Of dwellings and streets that connect: a brief honey-moon
Abstract
This study explores spatial properties across successive urban scales – street grid, plot division and building footprint – which tend to be associated with certain patterns of use and perception. The adoption of the modernist formal repertoire in Brazil in the early 1930s spread from major cities to achieve nationwide scale in the late 1960s. In Natal, capital city of the state of Rio Grande do Norte, this phenomenon coincided with a period of intense urban expansion and housing construction in the 1950s. Many of these buildings displayed not only a nouveau physical appearance, more or less faithful to the formal canons of the international style, but also new relationships of permeability and visibility respecting the street, which parallel spatial properties found in the town’s global grid structure at the time, and appear to be associated with the socio-cultural context that framed that stage of urban development in Brazil. This argument is based on findings from distinct studies in which syntax analysis procedures, as developed by Hillier and Hanson (1984), were used to investigate space configuration in diachronic perspective: that of Natal’s urban grid, and that of middle-class housing in various north-eastern towns. They revealed a turning-point in the global-to-local relationship of Natal’s urban spatial structure around 1955, when the potential accessibility of the grid achieved maximum level and newly-built residences were highly permeable and visible to the public space.
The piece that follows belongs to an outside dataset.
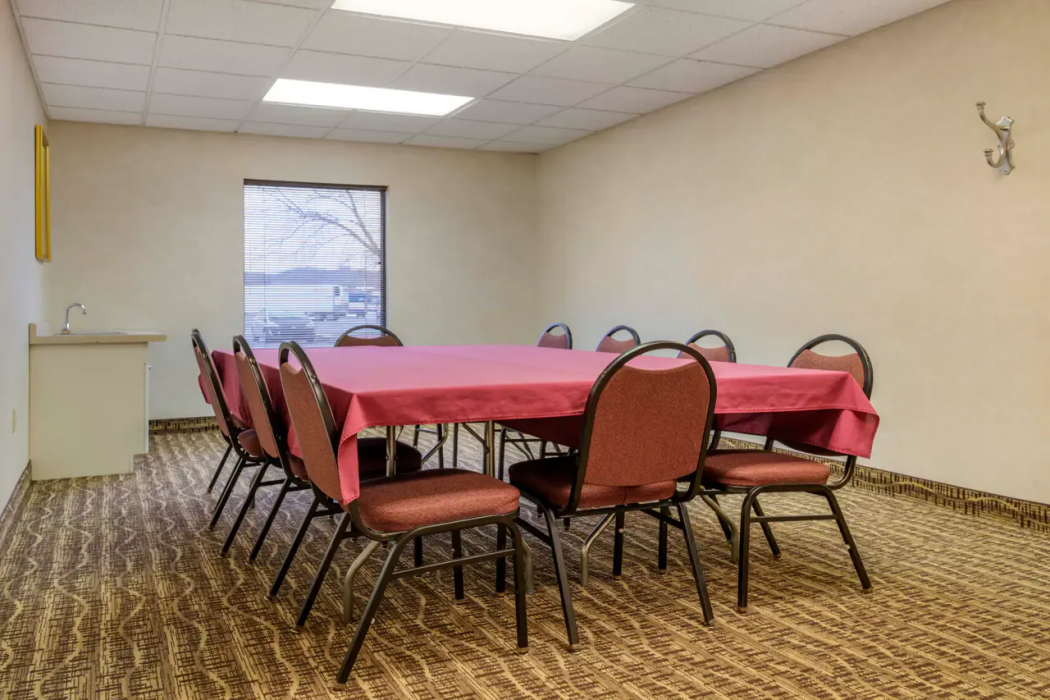 Comfort Inn Duncansville - Altoona 9/20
Drawing from Hillier’s (1996) principle of natural movement, that peak in accessibility points towards a configuration that was more movement-orientated than ever before or after. Those highly street-exposed dwellings seem, therefore, to have been designed to take part in that animation. As the notorious averseness between dwellings and streets in the 18th and 19th centuries, recurrently stressed in the literature re-appears in the heavily walled and gated condominiums of the present era, the panorama of residential neighbourhoods presented here evokes the idea of a brief, bygone honey-moon.